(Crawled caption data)
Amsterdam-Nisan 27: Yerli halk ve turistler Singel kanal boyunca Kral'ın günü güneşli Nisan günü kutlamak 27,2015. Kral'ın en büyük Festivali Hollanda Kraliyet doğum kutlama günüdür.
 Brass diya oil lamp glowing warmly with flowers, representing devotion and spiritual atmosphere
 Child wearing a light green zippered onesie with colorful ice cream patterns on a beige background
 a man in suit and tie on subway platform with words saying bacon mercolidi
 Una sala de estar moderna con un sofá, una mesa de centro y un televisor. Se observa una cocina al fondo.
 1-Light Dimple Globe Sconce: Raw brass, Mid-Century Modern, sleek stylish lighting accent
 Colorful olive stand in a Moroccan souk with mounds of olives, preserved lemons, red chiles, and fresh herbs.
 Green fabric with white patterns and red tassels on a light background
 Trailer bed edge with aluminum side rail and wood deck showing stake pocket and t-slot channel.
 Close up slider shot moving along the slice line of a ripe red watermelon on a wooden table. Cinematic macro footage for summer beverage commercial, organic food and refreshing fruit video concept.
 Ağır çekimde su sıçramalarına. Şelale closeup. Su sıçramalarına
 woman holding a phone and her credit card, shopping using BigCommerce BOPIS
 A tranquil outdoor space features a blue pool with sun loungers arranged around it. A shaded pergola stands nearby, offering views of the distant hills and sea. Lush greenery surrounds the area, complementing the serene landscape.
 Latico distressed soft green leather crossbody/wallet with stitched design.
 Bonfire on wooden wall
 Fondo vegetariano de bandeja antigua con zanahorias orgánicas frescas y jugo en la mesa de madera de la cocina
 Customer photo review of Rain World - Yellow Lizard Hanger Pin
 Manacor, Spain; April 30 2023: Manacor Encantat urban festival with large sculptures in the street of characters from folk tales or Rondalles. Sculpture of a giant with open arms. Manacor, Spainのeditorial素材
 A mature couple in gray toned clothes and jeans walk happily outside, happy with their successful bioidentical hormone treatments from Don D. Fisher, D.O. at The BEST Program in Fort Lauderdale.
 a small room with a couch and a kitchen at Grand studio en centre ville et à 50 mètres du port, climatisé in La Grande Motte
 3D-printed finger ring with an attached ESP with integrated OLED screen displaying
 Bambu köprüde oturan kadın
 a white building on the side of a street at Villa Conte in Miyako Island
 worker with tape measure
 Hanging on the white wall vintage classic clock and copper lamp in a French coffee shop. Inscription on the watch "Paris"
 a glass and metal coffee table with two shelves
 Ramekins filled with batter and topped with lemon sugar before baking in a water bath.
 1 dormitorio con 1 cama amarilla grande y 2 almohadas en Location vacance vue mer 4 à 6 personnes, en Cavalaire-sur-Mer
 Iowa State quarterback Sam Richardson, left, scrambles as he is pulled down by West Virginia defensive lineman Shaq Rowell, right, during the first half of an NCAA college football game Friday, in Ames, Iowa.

### PROBLEM DESCRIPTION
Could you retype all of the entries, leaving every character unchanged?

### EXERCISE RESULT
Amsterdam-Nisan 27: Yerli halk ve turistler Singel kanal boyunca Kral'ın günü güneşli Nisan günü kutlamak 27,2015. Kral'ın en büyük Festivali Hollanda Kraliyet doğum kutlama günüdür.
 Brass diya oil lamp glowing warmly with flowers, representing devotion and spiritual atmosphere
 Child wearing a light green zippered onesie with colorful ice cream patterns on a beige background
 a man in suit and tie on subway platform with words saying bacon mercolidi
 Una sala de estar moderna con un sofá, una mesa de centro y un televisor. Se observa una cocina al fondo.
 1-Light Dimple Globe Sconce: Raw brass, Mid-Century Modern, sleek stylish lighting accent
 Colorful olive stand in a Moroccan souk with mounds of olives, preserved lemons, red chiles, and fresh herbs.
 Green fabric with white patterns and red tassels on a light background
 Trailer bed edge with aluminum side rail and wood deck showing stake pocket and t-slot channel.
 Close up slider shot moving along the slice line of a ripe red watermelon on a wooden table. Cinematic macro footage for summer beverage commercial, organic food and refreshing fruit video concept.
 Ağır çekimde su sıçramalarına. Şelale closeup. Su sıçramalarına
 woman holding a phone and her credit card, shopping using BigCommerce BOPIS
 A tranquil outdoor space features a blue pool with sun loungers arranged around it. A shaded pergola stands nearby, offering views of the distant hills and sea. Lush greenery surrounds the area, complementing the serene landscape.
 Latico distressed soft green leather crossbody/wallet with stitched design.
 Bonfire on wooden wall
 Fondo vegetariano de bandeja antigua con zanahorias orgánicas frescas y jugo en la mesa de madera de la cocina
 Customer photo review of Rain World - Yellow Lizard Hanger Pin
 Manacor, Spain; April 30 2023: Manacor Encantat urban festival with large sculptures in the street of characters from folk tales or Rondalles. Sculpture of a giant with open arms. Manacor, Spainのeditorial素材
 A mature couple in gray toned clothes and jeans walk happily outside, happy with their successful bioidentical hormone treatments from Don D. Fisher, D.O. at The BEST Program in Fort Lauderdale.
 a small room with a couch and a kitchen at Grand studio en centre ville et à 50 mètres du port, climatisé in La Grande Motte
 3D-printed finger ring with an attached ESP with integrated OLED screen displaying
 Bambu köprüde oturan kadın
 a white building on the side of a street at Villa Conte in Miyako Island
 worker with tape measure
 Hanging on the white wall vintage classic clock and copper lamp in a French coffee shop. Inscription on the watch "Paris"
 a glass and metal coffee table with two shelves
 Ramekins filled with batter and topped with lemon sugar before baking in a water bath.
 1 dormitorio con 1 cama amarilla grande y 2 almohadas en Location vacance vue mer 4 à 6 personnes, en Cavalaire-sur-Mer
 Iowa State quarterback Sam Richardson, left, scrambles as he is pulled down by West Virginia defensive lineman Shaq Rowell, right, during the first half of an NCAA college football game Friday, in Ames, Iowa.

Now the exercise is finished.